Output exactly, and only, the lines below from the one with "So those are" down to the one with "in the comments.". Include both end lines and no pictures.

(Dataset entries)
=======

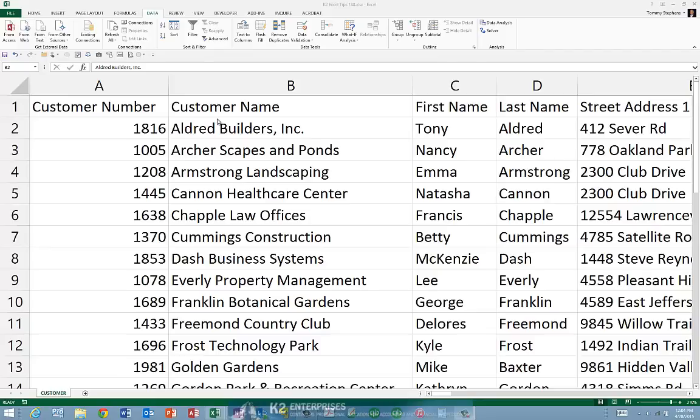As you will see in this brief tip, you can easily convert numeric data into textual data in Excel 2013 by using the newly added Flash Fill feature. Consider the sample data currently shown on screen. The customer number field in column A of the worksheet contains numeric entries.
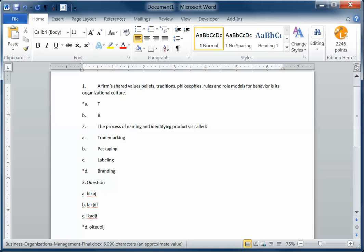So those are two tips for Microsoft Word and how to remove some of that formatting for a successful Respondus test.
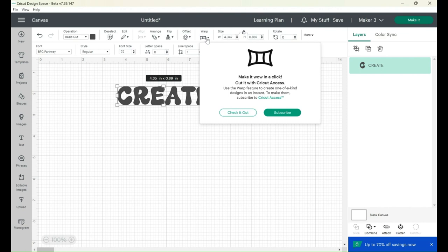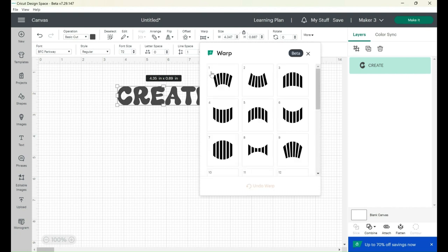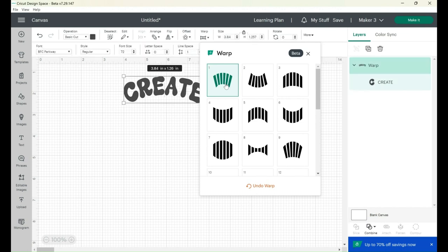It's saying "make it wow, cut with Cricut Access." Well, I already have Cricut Access so I'm not sure why. I'm just going to click "check it out." I wonder if they're letting you guys check this out if you don't have Cricut Access membership — comment below and let me know if you're able to use this right away. Maybe they'll let you try it in Design Space and then when you go to make it they'll say you have to pay for it. Let me know in the comments.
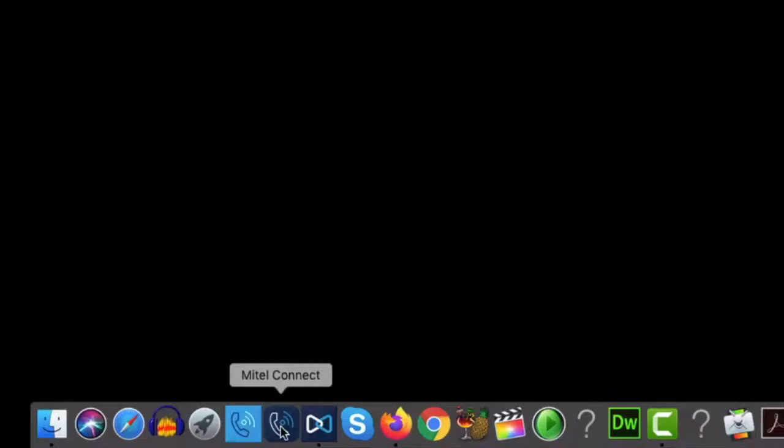A link to download the Connect Client, which is compatible with both Windows and Mac platforms, can be obtained from your company's designated Mitel account contact.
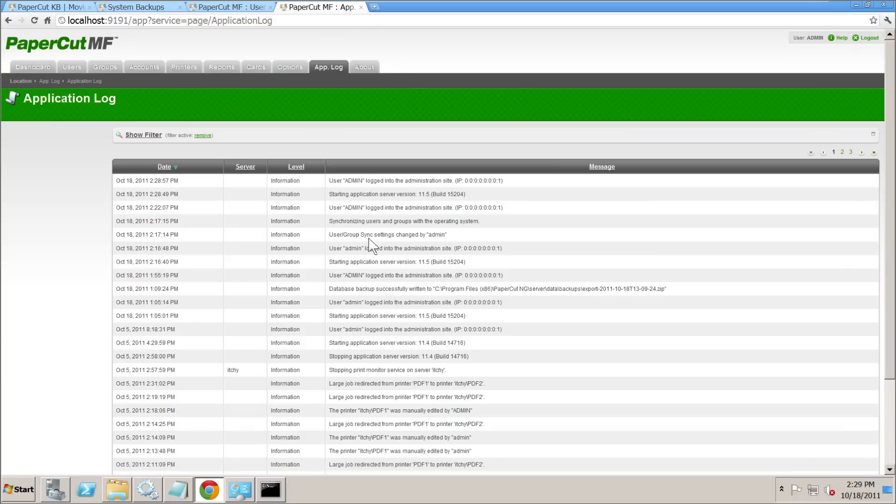We'll just check the application log for any errors — that seems fine. So that's it: moving from PaperCut NG to MF. Bye bye.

=======

> **THE COMPLETED TASK**
So those are two tips for Microsoft Word and how to remove some of that formatting for a successful Respondus test.
It's saying "make it wow, cut with Cricut Access." Well, I already have Cricut Access so I'm not sure why. I'm just going to click "check it out." I wonder if they're letting you guys check this out if you don't have Cricut Access membership — comment below and let me know if you're able to use this right away. Maybe they'll let you try it in Design Space and then when you go to make it they'll say you have to pay for it. Let me know in the comments.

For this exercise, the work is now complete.